Start of Data block

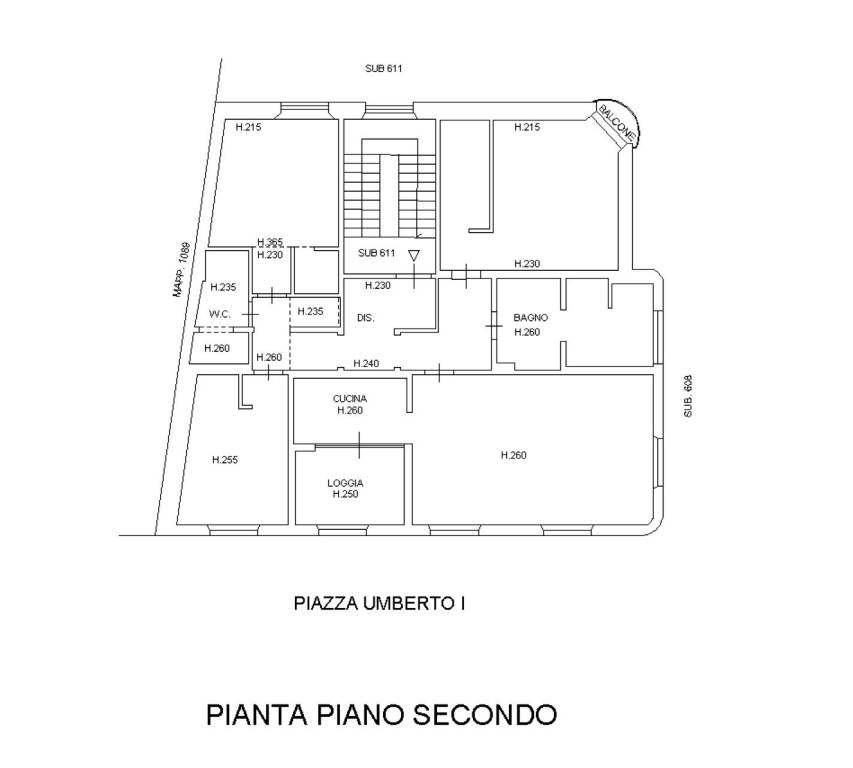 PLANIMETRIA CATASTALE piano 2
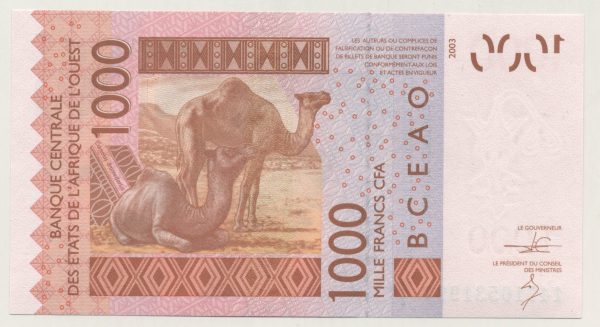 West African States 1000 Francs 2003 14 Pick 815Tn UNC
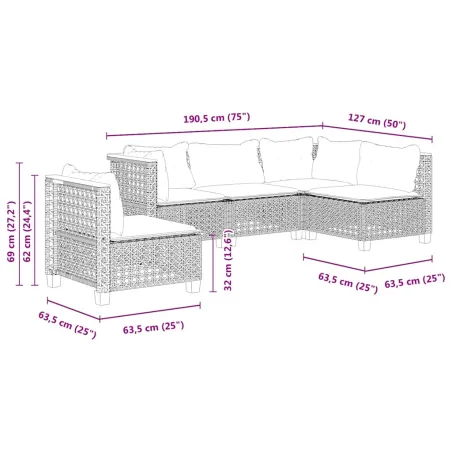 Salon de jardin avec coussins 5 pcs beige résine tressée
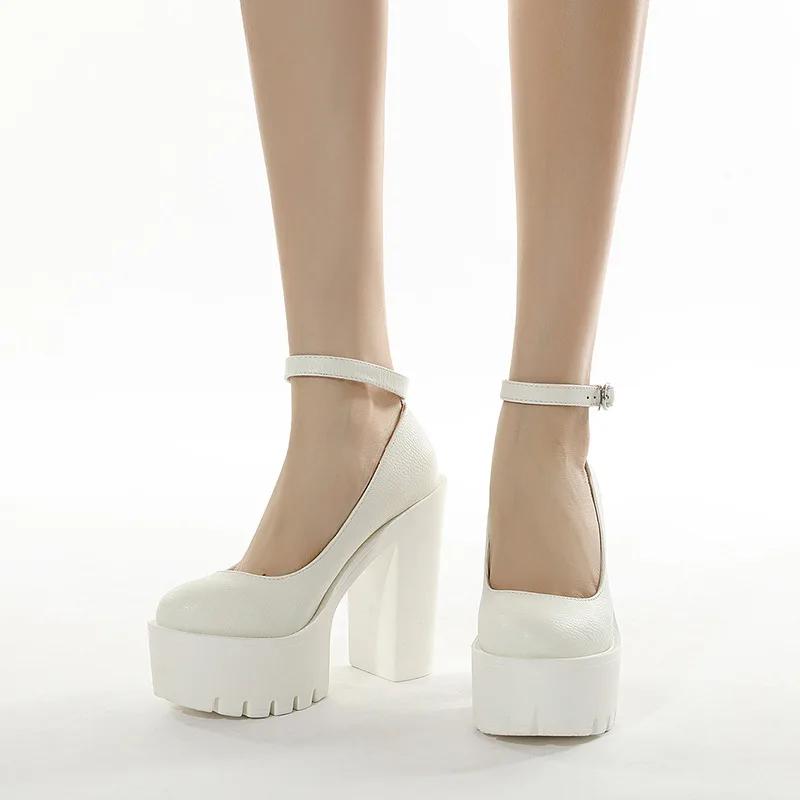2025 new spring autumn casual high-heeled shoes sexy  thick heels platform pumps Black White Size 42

End of Data block

Could you transcribe exactly the lines from the one with "Salon de jardin" through the end of the data, both ends included, and nothing else, skipping the pictures?

 Salon de jardin avec coussins 5 pcs beige résine tressée
2025 new spring autumn casual high-heeled shoes sexy  thick heels platform pumps Black White Size 42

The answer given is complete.